Gao Qinghui, Ho Christine, Jia Yingmin, Li Jingyi Jessica, Huang Haiyan
Seventh Research Division and Department of Systems and Control, Beihang University, Beijing China.
J Comput Biol. 2012 Jun;19(6):619-31. doi: 10.1089/cmb.2012.0032.

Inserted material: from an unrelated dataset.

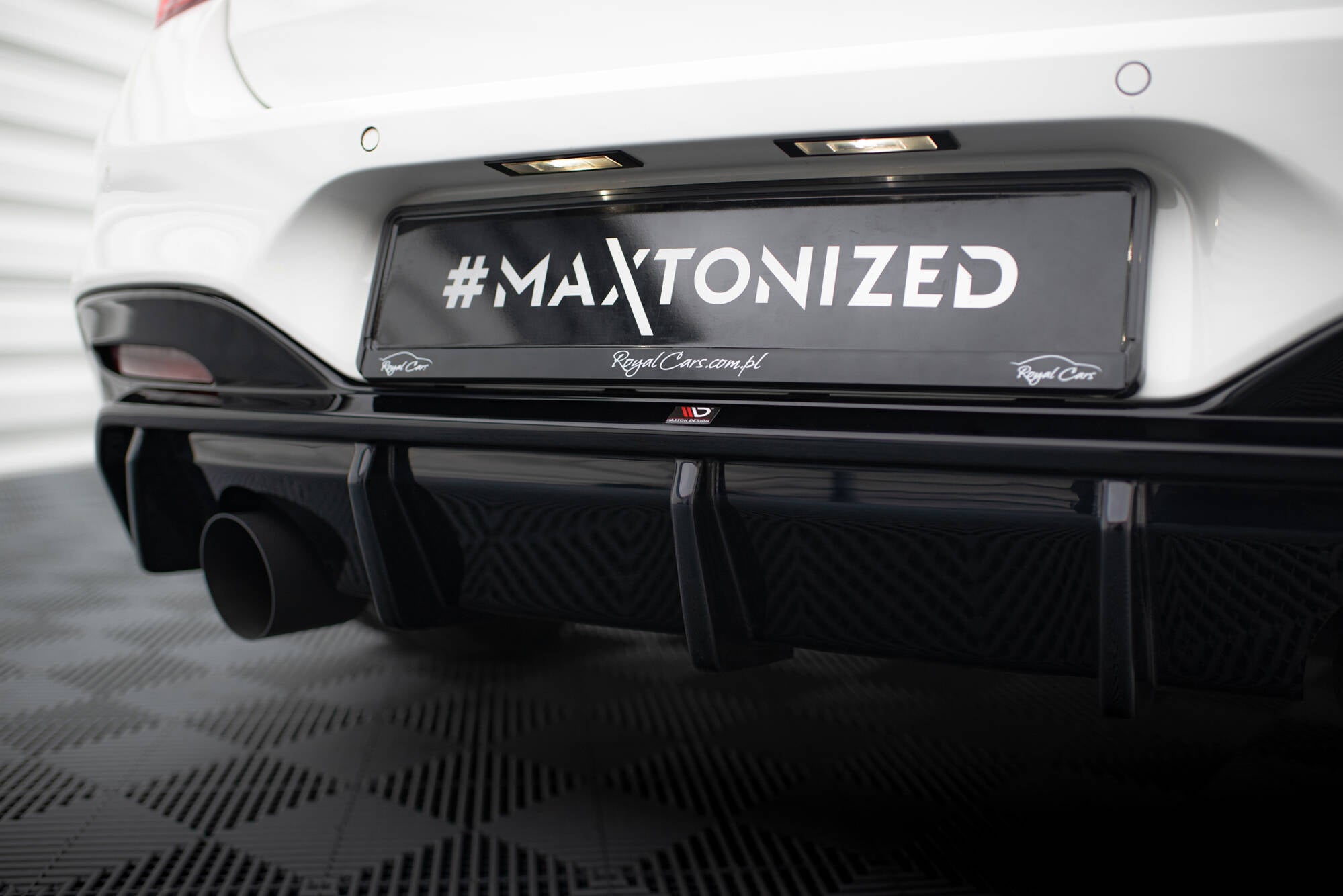 Maxton Design Diffusor Heck Ansatz V.3 passend für BMW 1er M-Paket F20 Facelift (Einzelauspuff li.)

Identifying a bicluster, or submatrix of a gene expression dataset wherein the genes express similar behavior over the columns, is useful for discovering novel functional gene interactions. In this article, we introduce a new algorithm for finding biClusters with Linear Patterns (CLiP). Instead of solely maximizing Pearson correlation, we introduce a fitness function that also considers the correlation of complementary genes and conditions. This eliminates the need for a priori determination of the bicluster size. We employ both greedy search and the genetic algorithm in optimization, incorporating resampling for more robust discovery. When applied to both real and simulation datasets, our results show that CLiP is superior to existing methods. In analyzing RNA-seq fly and worm time-course data from modENCODE, we uncover a set of similarly expressed genes suggesting maternal dependence. Supplementary Material is available online (at www.liebertonline.com/cmb).
识别双聚类(即基因表达数据集中的子矩阵,其中基因在各列上表现出相似行为)对于发现新的功能基因相互作用很有用。在本文中,我们介绍了一种用于寻找具有线性模式的双聚类(CLiP)的新算法。我们引入了一个适应度函数,它不仅能使皮尔逊相关性最大化,还考虑了互补基因和条件的相关性,而不是仅仅最大化皮尔逊相关性。这消除了对双聚类大小进行先验确定的需要。我们在优化过程中同时采用了贪心搜索和遗传算法,并结合重采样以实现更稳健的发现。当应用于真实数据集和模拟数据集时,我们的结果表明CLiP优于现有方法。在分析来自modENCODE的RNA测序果蝇和蠕虫时间进程数据时,我们发现了一组表达相似的基因,表明其对母体的依赖性。补充材料可在网上获取(网址为www.liebertonline.com/cmb)。